Apart from the images, every record here needs to be copied exactly.

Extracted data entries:
====
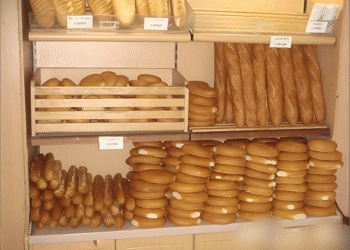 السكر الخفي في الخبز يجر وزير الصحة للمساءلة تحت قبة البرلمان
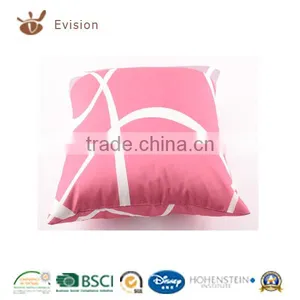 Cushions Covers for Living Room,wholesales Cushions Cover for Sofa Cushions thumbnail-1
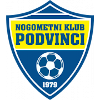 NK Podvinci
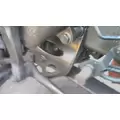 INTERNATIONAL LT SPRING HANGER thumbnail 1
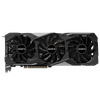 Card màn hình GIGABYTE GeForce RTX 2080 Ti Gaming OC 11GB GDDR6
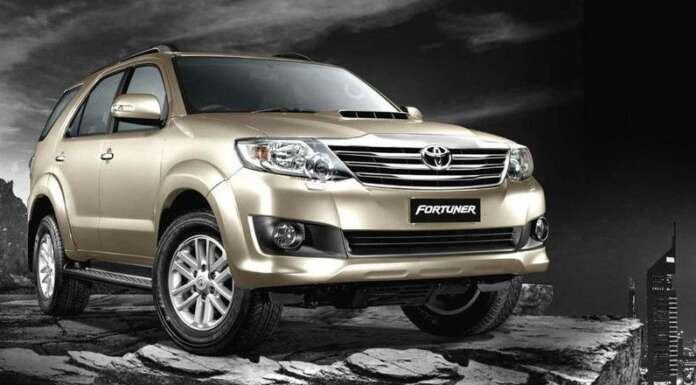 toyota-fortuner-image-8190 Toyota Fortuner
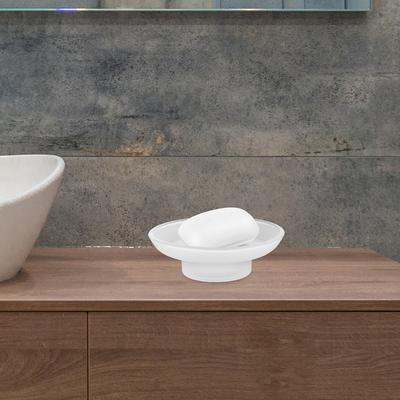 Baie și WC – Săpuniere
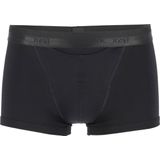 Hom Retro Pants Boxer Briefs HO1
====
ANSWER TO THIS PROBLEM:
 السكر الخفي في الخبز يجر وزير الصحة للمساءلة تحت قبة البرلمان
 Cushions Covers for Living Room,wholesales Cushions Cover for Sofa Cushions thumbnail-1
 NK Podvinci
 INTERNATIONAL LT SPRING HANGER thumbnail 1
 Card màn hình GIGABYTE GeForce RTX 2080 Ti Gaming OC 11GB GDDR6
 toyota-fortuner-image-8190 Toyota Fortuner
 Baie și WC – Săpuniere
 Hom Retro Pants Boxer Briefs HO1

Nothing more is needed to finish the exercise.